** Your objective **
Every line of the material is to be returned verbatim. Pictures stay out.

....................

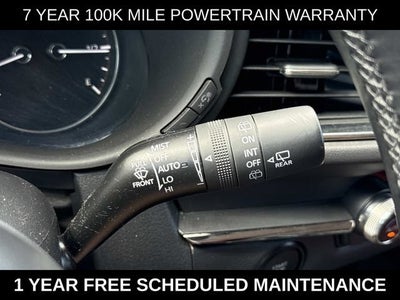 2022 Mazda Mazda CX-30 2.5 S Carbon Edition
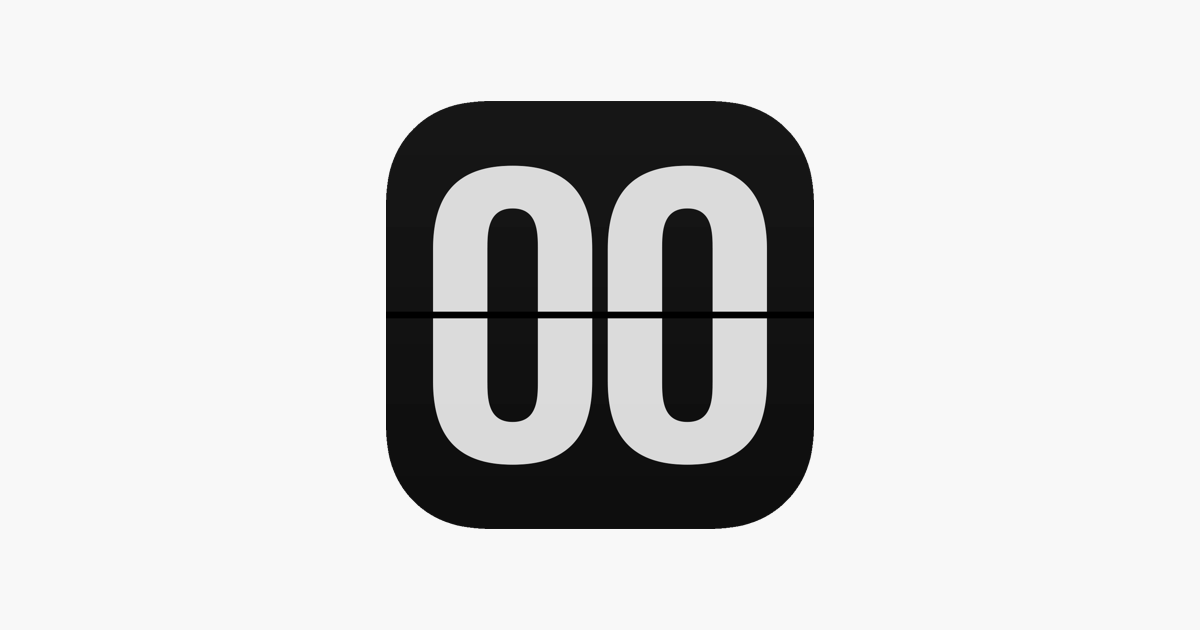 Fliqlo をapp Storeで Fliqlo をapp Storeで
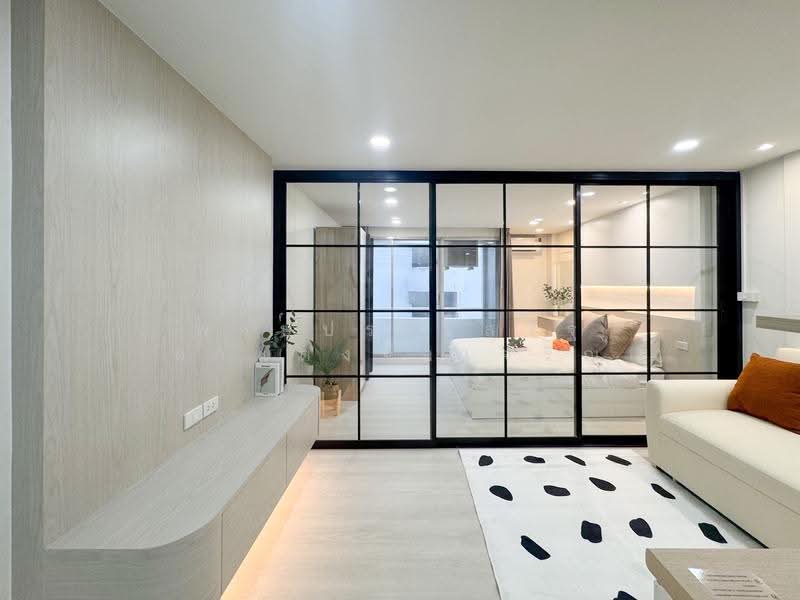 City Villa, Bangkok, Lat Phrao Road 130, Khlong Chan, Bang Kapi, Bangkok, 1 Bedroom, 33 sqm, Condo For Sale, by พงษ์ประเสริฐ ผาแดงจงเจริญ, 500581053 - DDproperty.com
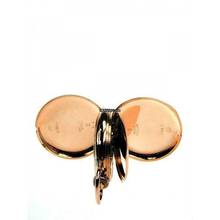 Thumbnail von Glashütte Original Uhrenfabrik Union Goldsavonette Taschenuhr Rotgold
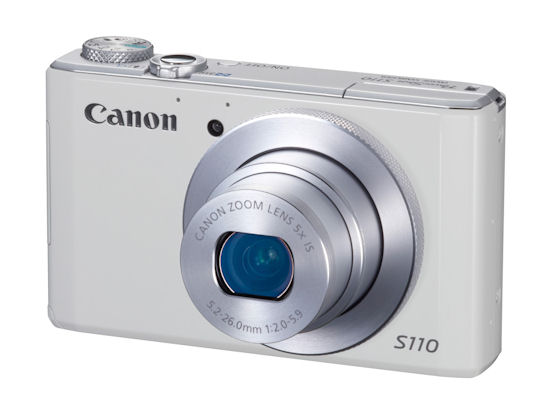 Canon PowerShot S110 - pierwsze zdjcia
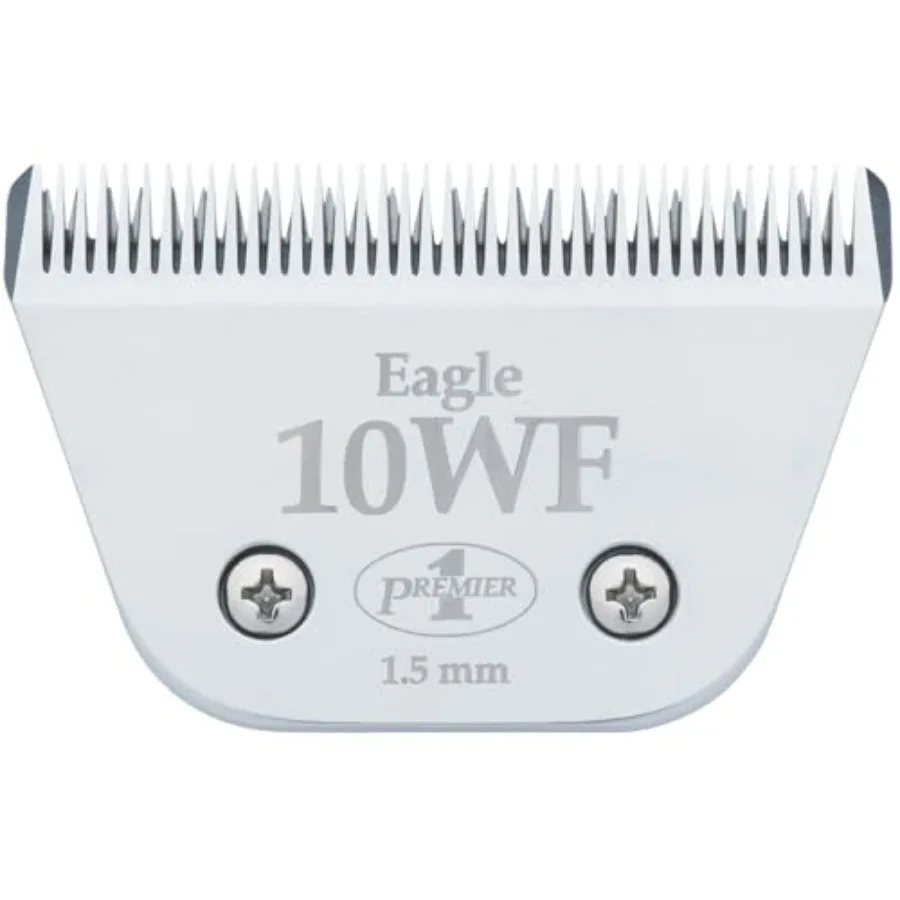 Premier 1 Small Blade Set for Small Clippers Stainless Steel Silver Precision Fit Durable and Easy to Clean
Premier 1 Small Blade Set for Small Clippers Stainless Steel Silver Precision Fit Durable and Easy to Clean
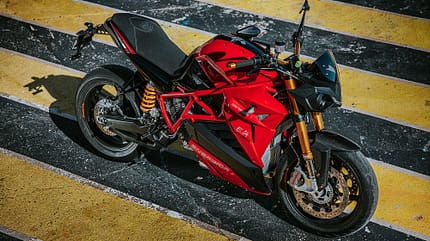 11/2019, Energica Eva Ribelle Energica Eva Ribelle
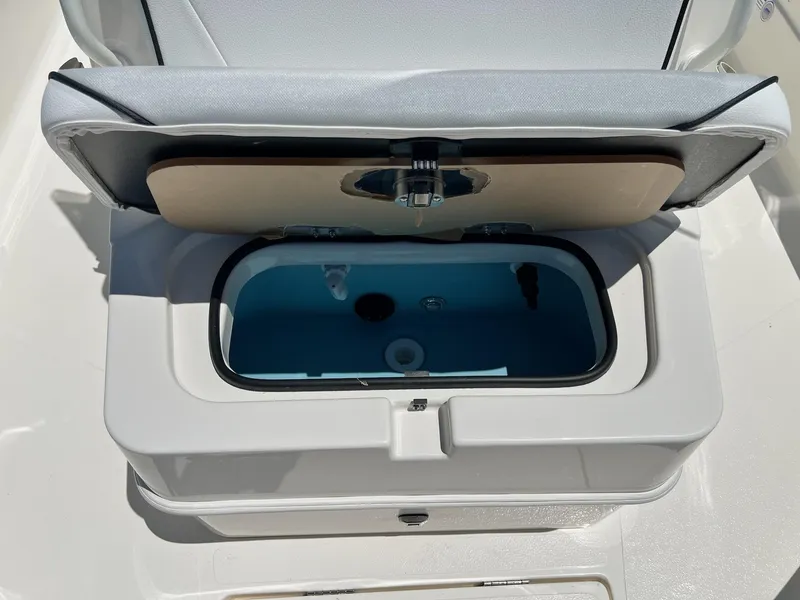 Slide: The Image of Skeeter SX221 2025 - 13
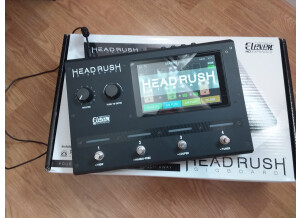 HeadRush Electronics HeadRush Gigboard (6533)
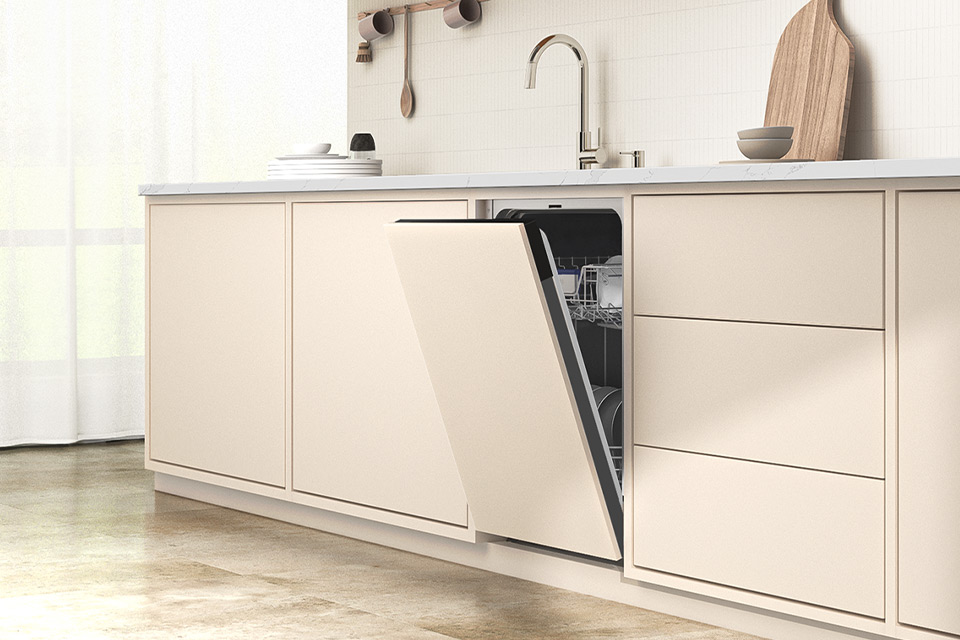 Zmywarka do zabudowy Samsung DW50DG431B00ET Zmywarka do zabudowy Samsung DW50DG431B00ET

....................

** Solution for this task **
 2022 Mazda Mazda CX-30 2.5 S Carbon Edition
 Fliqlo をapp Storeで Fliqlo をapp Storeで
 City Villa, Bangkok, Lat Phrao Road 130, Khlong Chan, Bang Kapi, Bangkok, 1 Bedroom, 33 sqm, Condo For Sale, by พงษ์ประเสริฐ ผาแดงจงเจริญ, 500581053 - DDproperty.com
 Thumbnail von Glashütte Original Uhrenfabrik Union Goldsavonette Taschenuhr Rotgold
 Canon PowerShot S110 - pierwsze zdjcia
 Premier 1 Small Blade Set for Small Clippers Stainless Steel Silver Precision Fit Durable and Easy to Clean
Premier 1 Small Blade Set for Small Clippers Stainless Steel Silver Precision Fit Durable and Easy to Clean
 11/2019, Energica Eva Ribelle Energica Eva Ribelle
 Slide: The Image of Skeeter SX221 2025 - 13
 HeadRush Electronics HeadRush Gigboard (6533)
 Zmywarka do zabudowy Samsung DW50DG431B00ET Zmywarka do zabudowy Samsung DW50DG431B00ET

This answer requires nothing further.